Return the data exactly, with all pictures removed.

Saved data entries:
#####

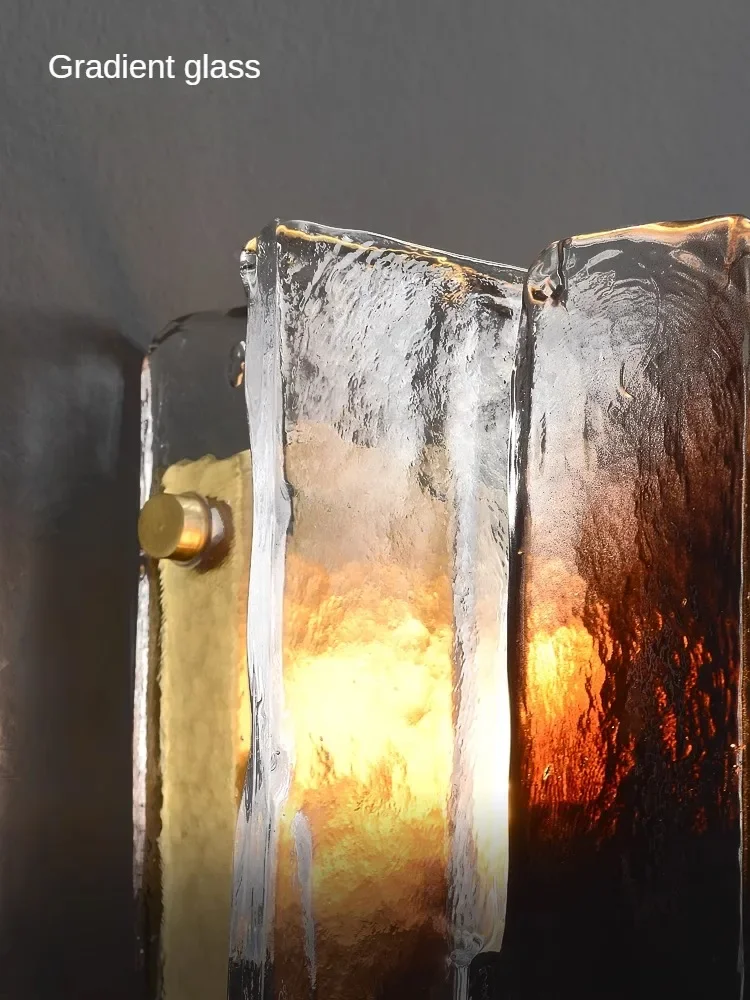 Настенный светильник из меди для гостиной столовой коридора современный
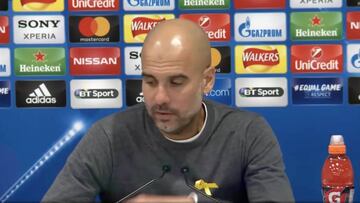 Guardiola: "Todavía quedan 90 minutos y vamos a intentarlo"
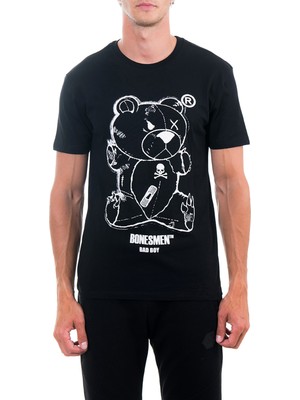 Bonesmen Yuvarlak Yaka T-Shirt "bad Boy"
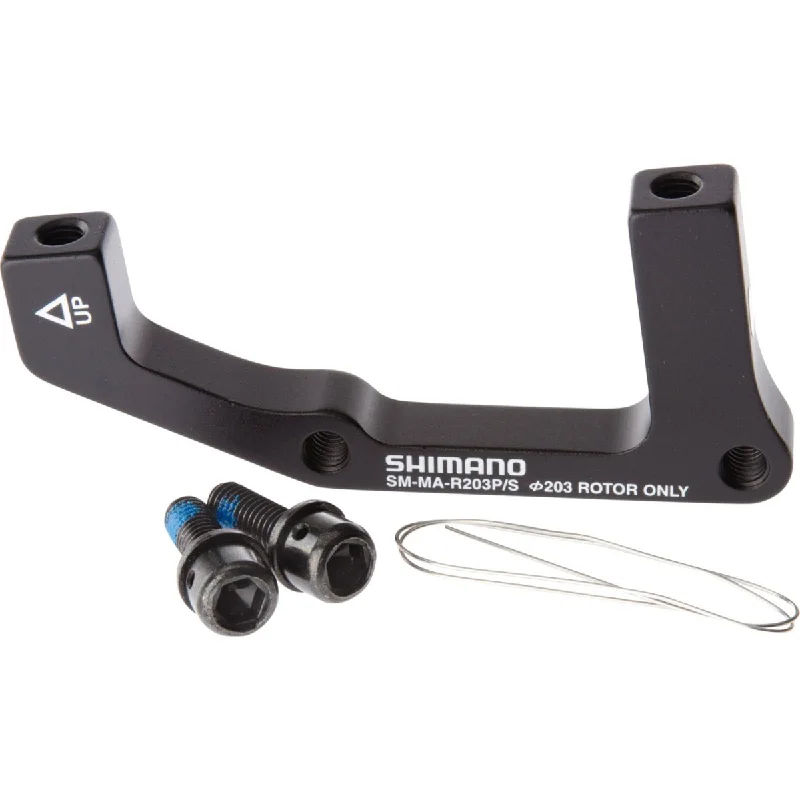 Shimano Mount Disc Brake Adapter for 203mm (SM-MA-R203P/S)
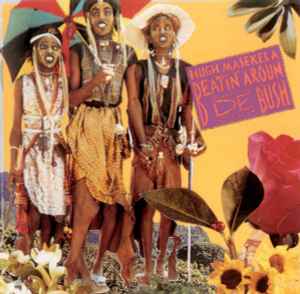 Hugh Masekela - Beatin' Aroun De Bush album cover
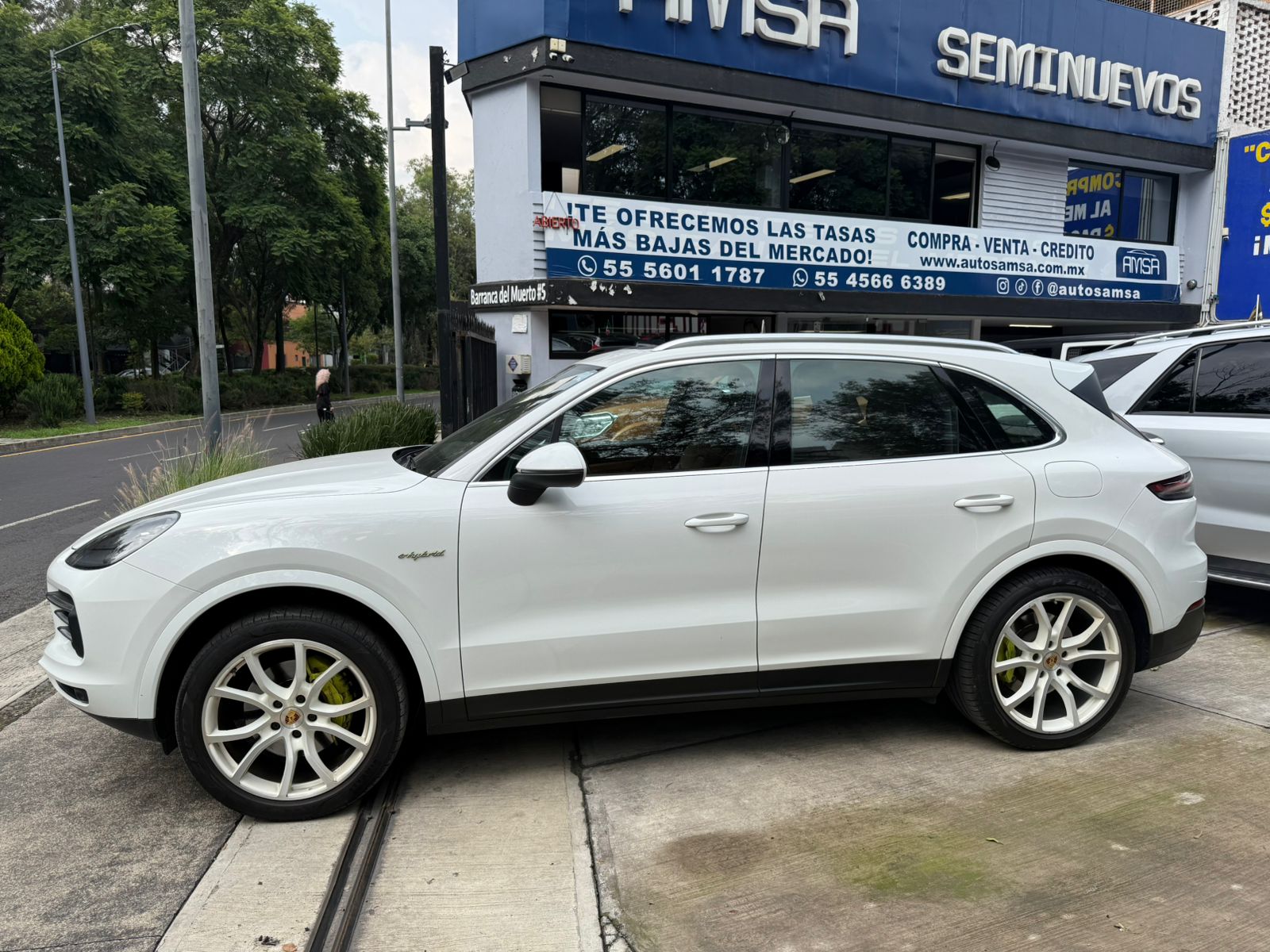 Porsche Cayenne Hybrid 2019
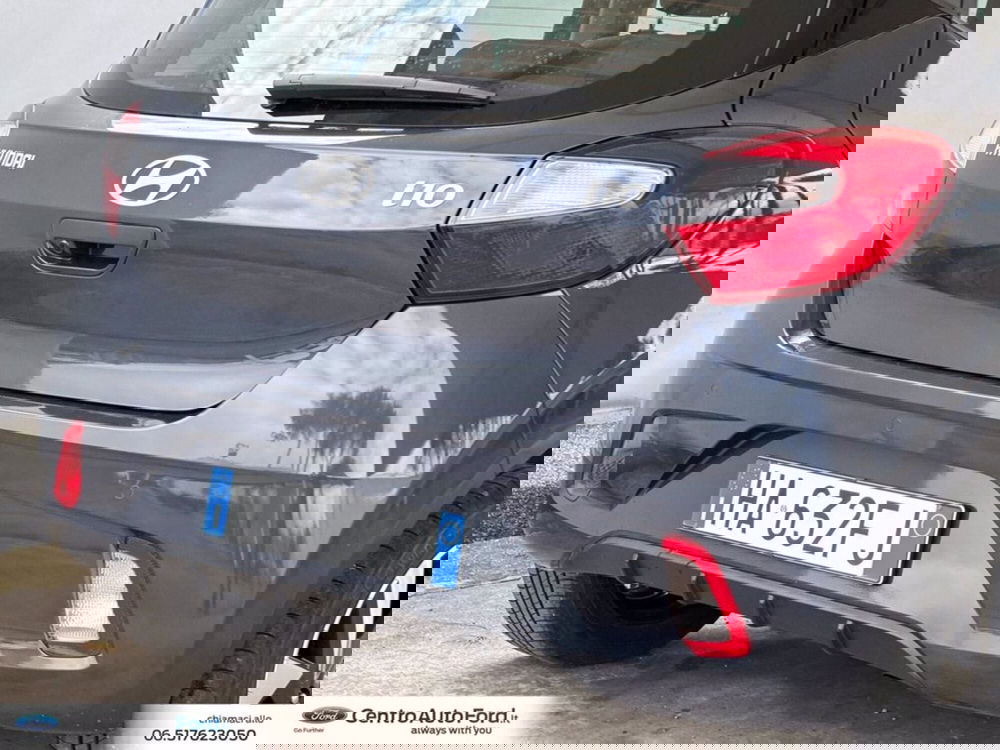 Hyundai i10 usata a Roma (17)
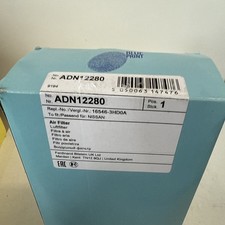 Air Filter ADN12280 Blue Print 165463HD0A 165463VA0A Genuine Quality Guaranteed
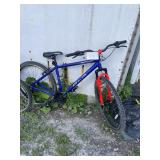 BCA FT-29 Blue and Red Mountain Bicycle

#####

▸ **Solution for this problem**
 Настенный светильник из меди для гостиной столовой коридора современный
 Guardiola: "Todavía quedan 90 minutos y vamos a intentarlo"
 Bonesmen Yuvarlak Yaka T-Shirt "bad Boy"
 Shimano Mount Disc Brake Adapter for 203mm (SM-MA-R203P/S)
 Hugh Masekela - Beatin' Aroun De Bush album cover
 Porsche Cayenne Hybrid 2019
 Hyundai i10 usata a Roma (17)
 Air Filter ADN12280 Blue Print 165463HD0A 165463VA0A Genuine Quality Guaranteed
 BCA FT-29 Blue and Red Mountain Bicycle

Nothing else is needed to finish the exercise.